Nachdem er die Vorstellung einer überstaatlichen Weltgemeinschaft entwickelt hat, hält der Papst folgende Erkenntnis fest: „Der Friede muss jedoch ein leeres Wort bleiben, wenn er sich nicht in jenem Ordnungsgefüge entwickelt, einem Ordnungsgefüge, das in der Wahrheit gegründet, nach den Richtlinien der Gerechtigkeit erbaut, von lebendiger Liebe erfüllt ist und sich schließlich in der Freiheit verwirklicht.“ Der Papst bringt es hier auf den Punkt: Der Friede ist und wird stets eine immerwährende Aufgabe sein, eine hohe und so bedeutende Aufgabe, dass ein Mensch sie nie erfüllen könnte, wenn er sich nur auf seine eigene Kraft verließe. Dass die menschliche Gesellschaft soweit als möglich ein Abbild des Gottesreiches werde, dazu braucht es dringend der Hilfe des göttlichen Geistes.

Literatur

  • Texte zur katholischen Soziallehre.

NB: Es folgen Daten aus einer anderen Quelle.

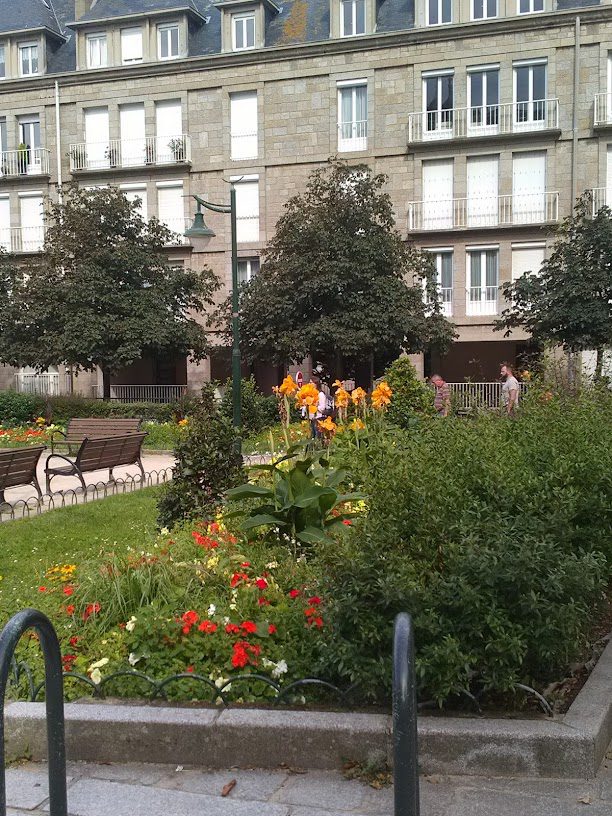 Place des Freres Lamennais à Saint-Malo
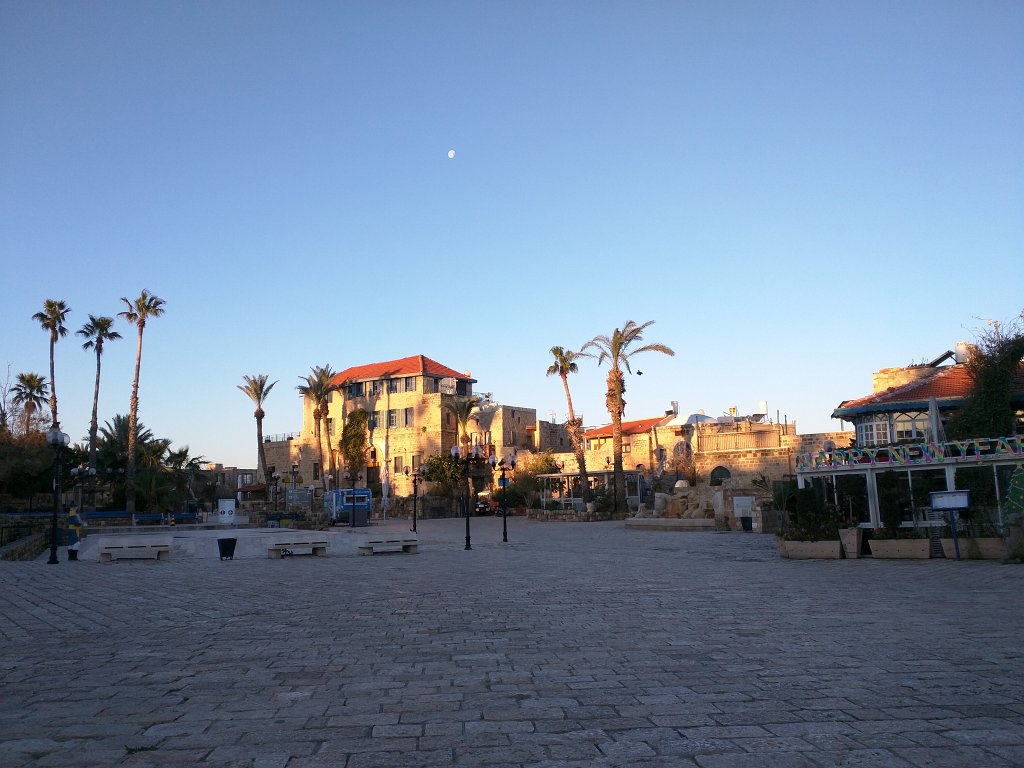 IMG_20160128_070538.jpg -  Jaffa  Kdumim Square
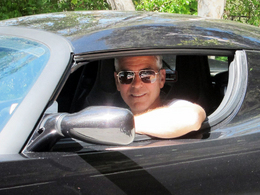 George Clooney assure que sa Tesla Roadster n'était pas fiable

Die sozialen Rundschreiben der Päpste und andere kirchliche Dokumente, Bornheim/Kevelaer, 8. erw. Aufl. 1992, S. 241-290.
  • Alberigo, Guiseppe: Johannes XXIII. Leben und Wirken des Konzilspapstes, Mainz 2000.
  • Fonk, Peter: Frieden schaffen - auch mit Waffen? Theologisch-ethische Überlegungen zum Einsatz Militärischer Gewalt angesichts des internationalen Terrorismus und der Irak-Politik, Stuttgart 2003 (Beiträge zur Friedensethik; 36).
  • Huber, Wolfgang/ Reuter, Hans-Richard (Hrsg.): Friedensethik, Stuttgart/ Berlin/ Köln 1990.
  • Lienemann, Wolfgang: Frieden: vom „gerechten Krieg“ zum „gerechten Frieden“, Göttingen 2000 (Bensheimer Hefte; 92; Ökumenische Hefte; 10).
  • Mader, Hubert (Hrsg.): Quellen zum Friedensverständnis der katholischen Kirche seit Pius IX, Wien/ München 1985.
  • Nagel, Ernst Josef / Oberhem, Harald: Dem Frieden verpflichtet. Konzeptionen und Entwicklungen der katholischen Friedensethik seit dem Zweiten Weltkrieg, München/Mainz 1982 (Entwicklung und Frieden. Dokumente, Berichte, Meinungen; 14).
  • Uertz, Rudolf: Vom Gottesrecht zum Menschenrecht. Das katholische Staatsdenken in Deutschland von der Französischen Revolution bis zum II. Vatikanischen Konzil (1789-1965), Paderborn 2005.